Q&A: Larry Van Horn
Not many economists devote their careers to the health care industry, but Larry Van Horn has done just that. He’s an economics professor and the executive director of health affairs for Nashville’s Vanderbilt University, where he has worked since 2006.
He is also a co-director, along with former Sen. Bill Frist, of the Nashville Health Care Council’s Fellows program. This month, the council named its 2014 class of fellows, marking the program’s second year. The fellows will meet during eight daylong sessions taking place between January and June.
The idea is to bring people together to solve problems in the health care industry, which needs an overhaul, Van Horn said. He spoke with Tennessean reporter Shelley DuBois about the problem with publishing papers in journals that nobody reads and why simple economics could save health care.
It looks like some of your fellows come from companies with competing business models. How do you get everybody to collaborate?
At the outset of the program, we light the bridge on fire. We say, “This is the burning platform. We can’t solve this problem by trying to preserve your turf.”
This is a countrywide problem. And we are actually in the capital of health care delivery, and the solution to solving health care problems is going to be innovation around service delivery, period. So we’ve got to figure that out. And I don’t believe that it requires a full-scale blowup of the Nashville institutions. I think it’s an issue of how do we recombine the assets here to effectively succeed in the new world order.
I’ve heard that from other people – that Nashville will solve health care.
I love that mentality. That’s what it should be. We will solve this problem here. Nashville should be leading the conversation, in my opinion.
Don’t you think it is?
No. We have a lot of people in this town who have tremendous visibility in Washington. And they’re spread throughout this community, but not at the level that I would like to see.
When did you first feel comfortable representing yourself as an industry expert?
I feel like I had developed not only the academic credibility but also the industry credibility when I was recruited here to Vanderbilt. I had to have an academic record at a top research institution, and I did, and they valued that. But also, given that I was going to be directing the health care program here, I had to be viewed as a constructive partner on the side of industry, which is an additional hurdle that most academics who spend their time in the ivory tower don’t have.
Do you gain credibility by calling industry trends correctly?
Well, see, academic research isn’t about calling anything right. If you’re trying to make calls, you’re not doing hard-core research. Academic research is about advancing the understanding of the way the world works. And the currency in the world of academia is publications: publication impact and where you publish – that’s everything.
In the business school, as health economists, we’ll publish in a bunch of journals that nobody will ever read. Unless you have a Ph.D. in economics, they would make absolutely no sense to you. And they’re only read by a handful of other people.
Isn’t that a problem, especially if the papers you publish could help people in the real world?

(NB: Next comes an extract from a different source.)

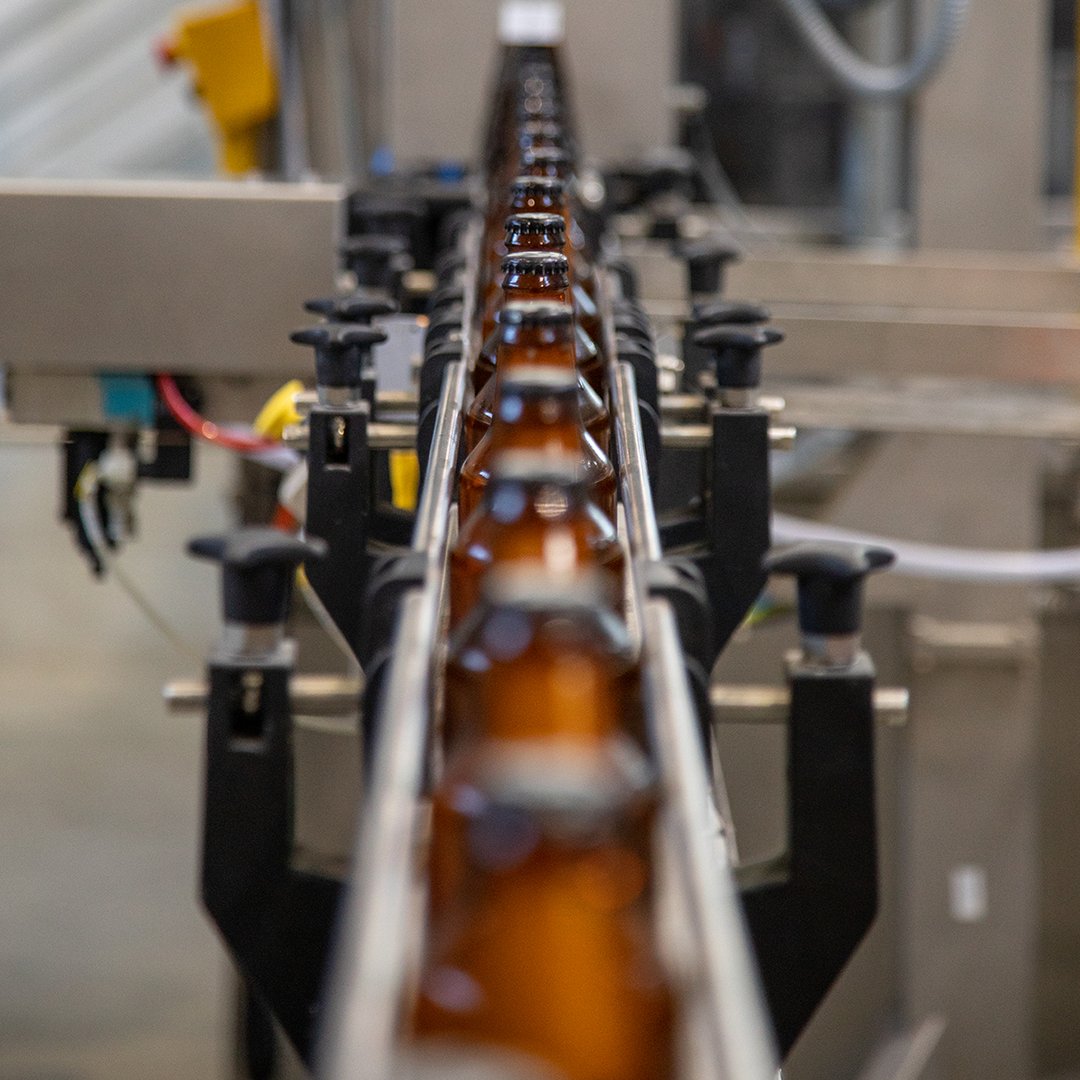 EngkantoPH's tweet photo. During packaging, that’s what we do. We allow our beers to “fully foam out” to ensure no oxygen is left in the bottle; for oxygen will oxidize our beers and negatively impact their identity &amp; structure. Every day, we strive to improve to offer you a beer in its most natural form. https://t.co/Q922p93hh0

There’s a challenge, particularly in business schools, because there is a disconnect between what industry businesses value and what academics who are working in business schools are rewarded for doing. They’re very different. And I could spend all my time writing and offering perspectives that industry might find valuable, which might have very little if any currency in the world of higher education. It’s a tough balance to strike, it really is.
What is the most innovative idea you have heard in all of the time you’ve spent thinking about revamping health care?

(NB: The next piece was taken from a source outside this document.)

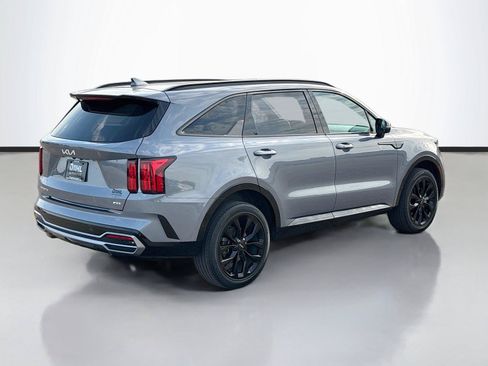 Used 2023 Kia Sorento SX AWD/4WD image 13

I hope you asked that question with low expectations because the simple fact of the matter is there’s no new idea. There’s no silver bullet, there’s no magic key. It’s just basic economics and blocking and tackling. The reality is that we have lived in a world where we have ignored the fact that we have unlimited wants and desires to either consume health care or provide it to others, but a very limited willingness to either pay for it or tax other people to pay for it.
So when you come back to first principles, it’s basically a return to producing a product or service that people value in excess of the cost. And providing it in a way that they want to separate from their own hard-earned wealth to buy it. Simple economics.